Choose Synthesized if
Automate enterprise-grade test data provisioning with AI for faster, compliant software releases.
- Significantly reduces manual effort and time in test data provisioning.
- Enhances data security and regulatory compliance with codified masking policies.
- Accelerates software release cycles by providing reliable and up-to-date test data.
- Your work is testing & QA-shaped, not data quality-shaped
Choose Great Expectations if
Ensure governance and trust in AI with robust data quality across your pipelines.
- Catches data problems early in the pipeline
- Helps align technical and business teams on data quality
- Flexible and integrates with existing data workflows
- You want a free tier before you commit
- Your work is data quality-shaped, not testing & QA-shaped
| Feature | Synthesized | Great Expectations |
|---|---|---|
| Pricing Model | Paid | Freemium |
| User Rating | No ratings yet | No ratings yet |
| Categories | Testing & QAData & Databases | Data QualityETL & Data Pipelines |
In-Depth Analysis
Synthesized
Automate enterprise-grade test data provisioning with AI for faster, compliant software releases.
Strengths
- +Significantly reduces manual effort and time in test data provisioning.
- +Enhances data security and regulatory compliance with codified masking policies.
- +Accelerates software release cycles by providing reliable and up-to-date test data.
- +Reduces costs associated with application development and testing lifecycles.
- +Improves test coverage and helps identify bugs earlier in the development process.
Weaknesses
- -Requires integration into existing development and testing stacks.
- -Initial setup and configuration may require technical expertise.
Key features
Great Expectations
Ensure governance and trust in AI with robust data quality across your pipelines.
Strengths
- +Catches data problems early in the pipeline
- +Helps align technical and business teams on data quality
- +Flexible and integrates with existing data workflows
- +Offers both open-source and cloud solutions
- +Automates data quality checks and test generation
Weaknesses
- -Specific pricing details for Team and Enterprise solutions are not publicly available, requiring direct engagement to understand costs.
- -The primary focus is on data quality testing and validation, which might not encompass all aspects of a broader data governance strategy without integration with other tools.
- -While built on open source, the advanced features and managed service (GX Cloud) require a commercial offering, potentially limiting the full experience for purely open-source users.
Key features
Pricing: Synthesized vs Great Expectations
| Plan | Synthesized | Great Expectations |
|---|---|---|
| Tier 1 | N/A | Free Developer |
| Tier 2 | N/A | Contact us Team |
| Tier 3 | N/A | Contact us Enterprise |
Pricing verified from each vendor's public pricing page. Compare in detail on Synthesized pricing and Great Expectations pricing.
Who Should Use What?
On a budget?
Great Expectations has a free tier. Synthesized is paid only.

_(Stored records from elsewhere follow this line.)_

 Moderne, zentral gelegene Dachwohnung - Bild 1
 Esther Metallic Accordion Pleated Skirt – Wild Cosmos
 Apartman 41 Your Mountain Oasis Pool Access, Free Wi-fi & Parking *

Go with: Great Expectations
Want the highest-rated option?
Neither has ratings yet.
Too early to call on ratings — compare on features and pricing.
Value user reviews?
Neither has ratings yet.
Too early to call — neither has ratings yet.
3 Questions to Help You Decide
What's your budget?
Synthesized is paid. Great Expectations is freemium. Great Expectations lets you start free.
What's your use case?
Synthesized is a testing & QA tool. Great Expectations is in data quality. Pick the category that matches your needs.

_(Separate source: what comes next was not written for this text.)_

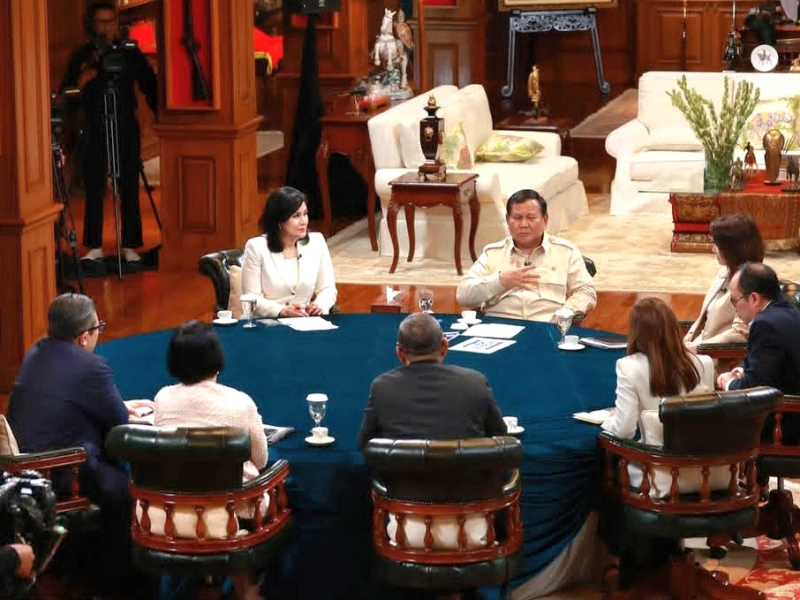 Prabowo, Krisis dan Retorika Antek Asing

How important are ratings?
Neither has ratings yet.
Key Takeaways
Great Expectations
- Free tier available
- Our pick for this comparison
Synthesized
- Better fit for testing & QA
The Bottom Line
Great Expectations is our pick.
Frequently Asked Questions
Is Synthesized or Great Expectations better?
Great Expectations is rated in our evaluation. Synthesized is paid and Great Expectations is freemium.
What are Synthesized and Great Expectations used for?
Synthesized: Automate enterprise-grade test data provisioning with AI for faster, compliant software releases.. Great Expectations: Ensure governance and trust in AI with robust data quality across your pipelines..
What does Synthesized cost vs Great Expectations?
Synthesized is a paid tool. Great Expectations is freemium (free tier + paid plans). Visit their websites for detailed pricing.